Since then, Lufthansa has always insisted that it has never closed the door completely on a deal with Swiss, as long as the terms and conditions were right. In the past, Lufthansa has tended to steer clear of big acquisitions, opting instead for code-sharing agreements under the umbrella of its Star Alliance grouping. But in the case of loss-making Swiss, greater synergies would be gained from a straight-forward takeover, analysts argued.
"Strategically, a tie-up would make sense," said NordLB analyst Martina Noss. Lufthansa would be able to get its hands on the hub of Zurich, as well as on Swiss's valuable business clients, and it would be taking over a rival with overlapping routes, she said.
Exane-BNP Paribas analyst Nick van den Brul said that a merger would also be beneficial to loss-making Swiss. "It's not expensive for Lufthansa and it provides prospects for
Swiss," he said.
Life insurance for Swiss
HVB analyst Uwe Weinrich agreed. "Lufthansa will act as some sort of life insurance policy for Swiss," which managed to narrow its losses last year, but still ended the year in the red, he said.
Pierre-Yves Savidan, airline expert with management consultancy BIPE, said that a key advantage for Lufthansa would be the hub of Zurich. "Zurich could become a second regional for Lufthansa after Munich, or it could even serve as its intercontinental hub if a third runway is not built in Frankfurt," Savidan said.
Lufthansa has promised to maintain Swiss as an independent brand underneath the Lufthansa umbrella. "It's a quality brand," Savidan said. And at a time when Lufthansa is increasingly targeting high-paying customers, the Swiss image could prove an attractive crowd puller.
Everyone's a winner?
Analyst Jan Herbst also saw a tie-up as a good idea. "Lufthansa would be the leading player in central Europe," he said. "Even if Swiss succeeds in returning to profitability, it will not be able to keep its stand-alone position long term. Time is therefore on Lufthansa's side," Herbst said.

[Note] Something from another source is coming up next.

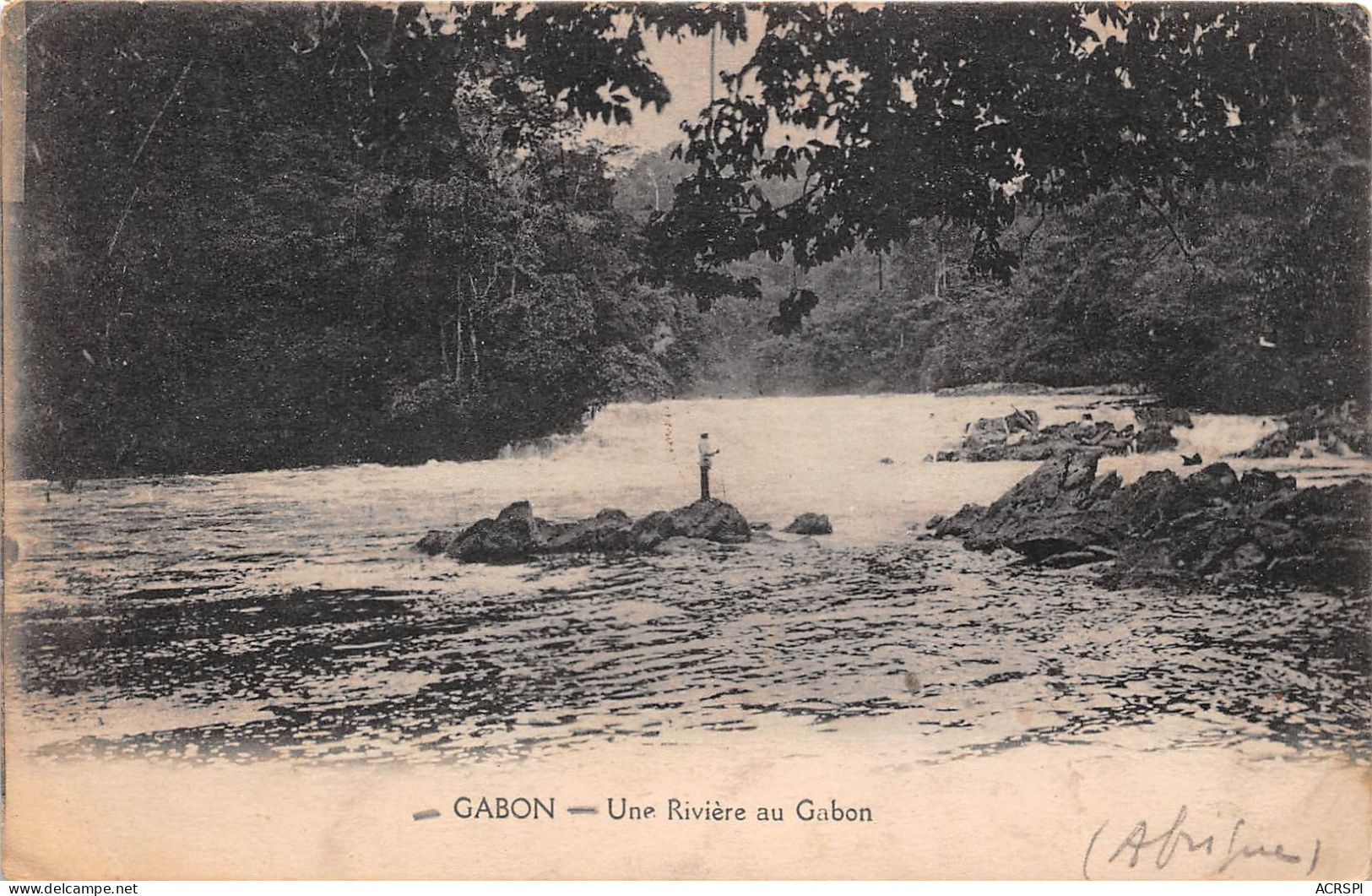 GABON  Une Riviere (scan Recto-verso) OO 0940 - Gabon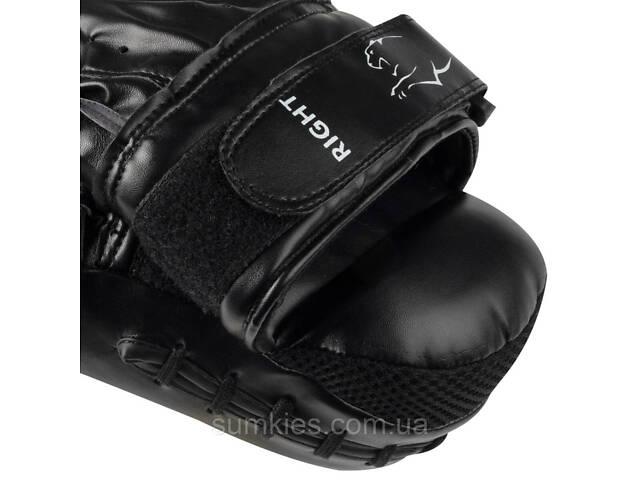 Лапи боксерські PowerPlay 3041 Чорні PU [пара] - Фото 6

Despite all the positive economic and business noises being made, the takeover would mean the end of Switzerland's direct association with the airline industry. Sadly, the Swiss have been watching helplessly as a symbol of their national identity has slowly eroded over the last four years.
Swissair collapse starts the descent
For the Swiss, the autumn of 2001 was the beginning of the end. Swissair finally succumbed to financial ailments and collapsed. From the ashes of the national carrier, mainly thanks to a package put together by the Swiss government, Swissair's daughter company Crossair rose to the challenge and, under the name of Swiss, was remodeled as the nation's airline.
It was a matter of national pride, although one that the contributing banks were told would result in little or no return on their investment.
In April 2002, Swiss took to the skies with the former Swissair fleet and staff at its disposal. However, it soon became very clear that Swiss would be too small a company to be competitive in the world market. Slashing prices to attract customers just brought about further hemorrhaging; Swiss dived further into the red.
Pride replaced by survival instinct
Investors stayed away in droves. Swiss looked to be going the same way as its predecessor and Switzerland's own confidence was shaken as it became clear that the airline would not survive without exterior help. By the summer of 2003, Swiss was looking to join Oneworld. But that bid failed and the airline continued to plummet.
Now Swiss has a chance to survive; Swiss jobs will be saved and the flag will still be flown, albeit under the Lufthansa banner. With national pride abandoned long ago for the harsh realities of business, Swiss has the opportunity to fly again and to start a new chapter.